In [1]:
import os
import pandas as pd
from collections import defaultdict

In [2]:
# this is the location to the dataset
movie_ratings_filename = os.path.join("ml-100k", "u.data")

In [3]:
# this is the location to the dataset
movie_ratings_base = os.path.join("ml-100k", "ua.base")

In [4]:
movie_ratings = pd.read_csv(movie_ratings_base, delimiter="\t", header=None, names = ["UserID", "MovieID", "Rating", "Timestamp"])

In [5]:
movie_ratings.head()

Unnamed: 0,UserID,MovieID,Rating,Timestamp
0,1,1,5,874965758
1,1,2,3,876893171
2,1,3,4,878542960
3,1,4,3,876893119
4,1,5,3,889751712


In [6]:
# The date time above is not user readable. They are computed as seconds from epoch. 
# So we will convert it to readable format

In [7]:
# We now devise a condition that dictates favorable ratings

In [8]:
movie_ratings["Popular"] = movie_ratings["Rating"] > 3

In [9]:
movie_ratings.head()

Unnamed: 0,UserID,MovieID,Rating,Timestamp,Popular
0,1,1,5,874965758,True
1,1,2,3,876893171,False
2,1,3,4,878542960,True
3,1,4,3,876893119,False
4,1,5,3,889751712,False


In [10]:
ratings = movie_ratings.copy()

In [11]:
ratings.head()

Unnamed: 0,UserID,MovieID,Rating,Timestamp,Popular
0,1,1,5,874965758,True
1,1,2,3,876893171,False
2,1,3,4,878542960,True
3,1,4,3,876893119,False
4,1,5,3,889751712,False


In [12]:
favorable_ratings = ratings[ratings["Popular"]]

In [13]:
favorable_ratings.head()

Unnamed: 0,UserID,MovieID,Rating,Timestamp,Popular
0,1,1,5,874965758,True
2,1,3,4,878542960,True
5,1,6,5,887431973,True
6,1,7,4,875071561,True
8,1,9,5,878543541,True


In [14]:
# Favorable reviews by base set

In [15]:
favorable_reviews_by_users = dict((id, frozenset(vect.values)) for id, vect in favorable_ratings.groupby("UserID")["MovieID"])

In [16]:
num_favorable_by_movie = ratings[["MovieID", "Popular"]].groupby("MovieID").sum()

In [17]:
num_favorable_by_movie.sort_values(by="Popular", ascending=False).head()

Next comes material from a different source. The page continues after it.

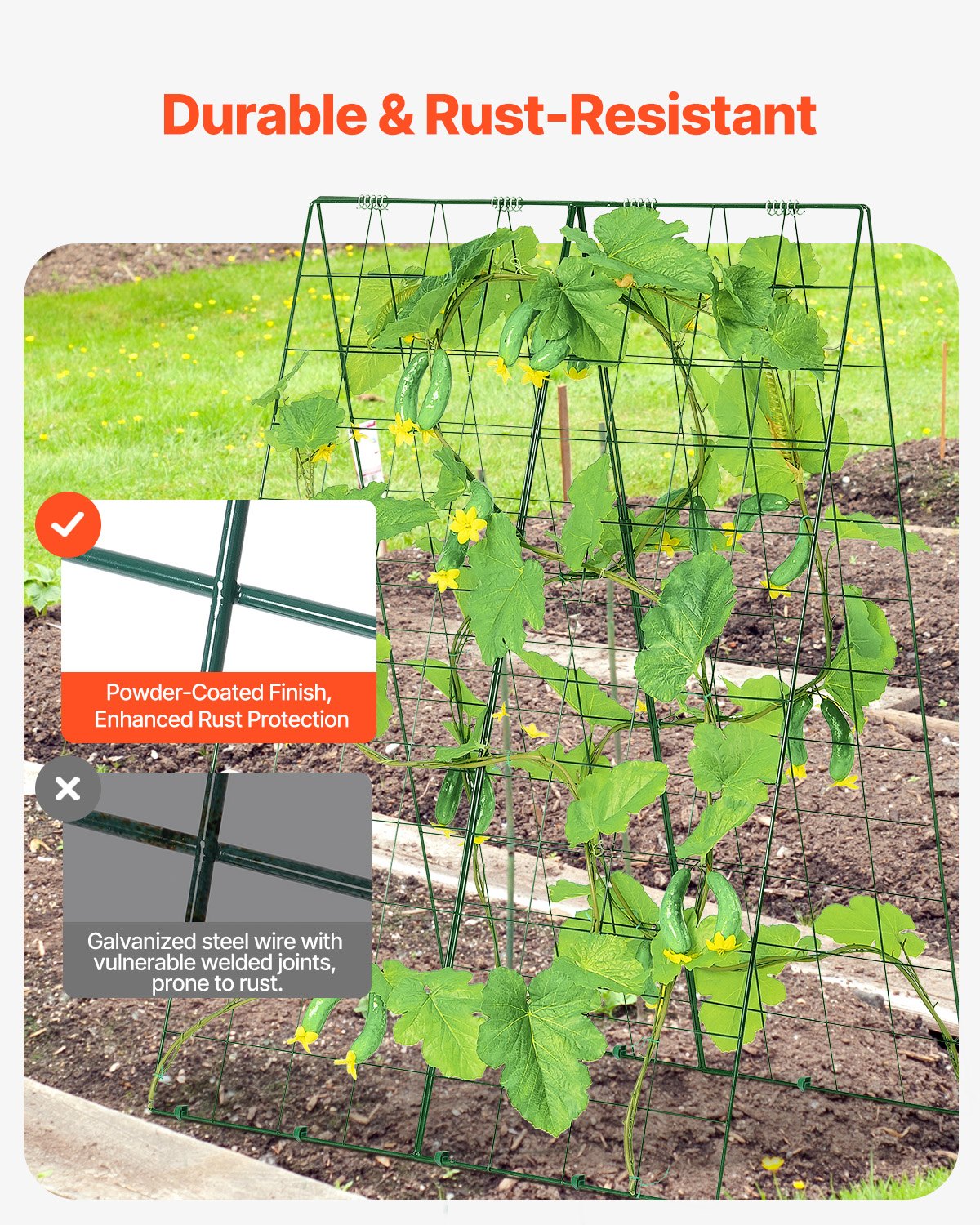 VEVOR A-Frame Cucumber Trellis 46" x 32" Foldable Metal Garden Trellis 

Unnamed: 0_level_0,Popular
MovieID,Unnamed: 1_level_1
50,428.0
100,354.0
181,331.0
174,316.0
98,310.0


In [18]:
frequent_itemsets = {}

In [19]:
min_support = 150

In [20]:
#from collections import defaultdict
def find_frequent_itemsets(favorable_reviews_by_users, itemsets, min_support):
    counts = defaultdict(int)
    for user, reviews in favorable_reviews_by_users.items():
        for itemset in itemsets:
            if itemset.issubset(reviews):
                for other_movie_reviewed in reviews - itemset:
                    new_superset = itemset | frozenset((other_movie_reviewed,))
                    counts[new_superset] += 1
    return dict([(itemset, frequency) for itemset, frequency in counts.items() if frequency >= min_support])

In [21]:
import sys
frequent_itemsets = {}  # itemsets are sorted by length
min_support = 150

# Frequent Set will hold the frequent itemsets where index value indicates the size of the itemset

# Here we populate all Popular movies which havea favorable count which is greater than min_support required
frequent_itemsets[1] = dict((frozenset((movie_id,)), row["Popular"])
                                for movie_id, row in num_favorable_by_movie.iterrows()
                                if row["Popular"] > min_support)

print("There are {} movies with more than {} favorable reviews".format(len(frequent_itemsets[1]), min_support))
sys.stdout.flush()


There are 69 movies with more than 150 favorable reviews


In [22]:
# we consider subset length of max 4
for k in range(2, 4):
    # Generate candidates of length k, using the frequent itemsets of length k-1
    # Only store the frequent itemsets
    cur_frequent_itemsets = find_frequent_itemsets(favorable_reviews_by_users, frequent_itemsets[k-1],
                                                   min_support)
    if len(cur_frequent_itemsets) == 0:
        print("Did not find any frequent itemsets of length {}. Hence terminating...".format(k))
        sys.stdout.flush()
        break
    else:
        print("Found {} frequent itemsets of length {}".format(len(cur_frequent_itemsets), k))
        sys.stdout.flush()
        frequent_itemsets[k] = cur_frequent_itemsets
# Not interested in the itemsets of length 1
del frequent_itemsets[1]

Found 1193 frequent itemsets of length 2
Found 9906 frequent itemsets of length 3


In [23]:
# Now we create popular candidates for the association rules. 
candidate_rules = []
for itemset_length, itemset_counts in frequent_itemsets.items():
    for itemset in itemset_counts.keys():
        for conclusion in itemset:
            premise = itemset - set((conclusion,))
            candidate_rules.append((premise, conclusion))
print("There are {} candidate rules".format(len(candidate_rules)))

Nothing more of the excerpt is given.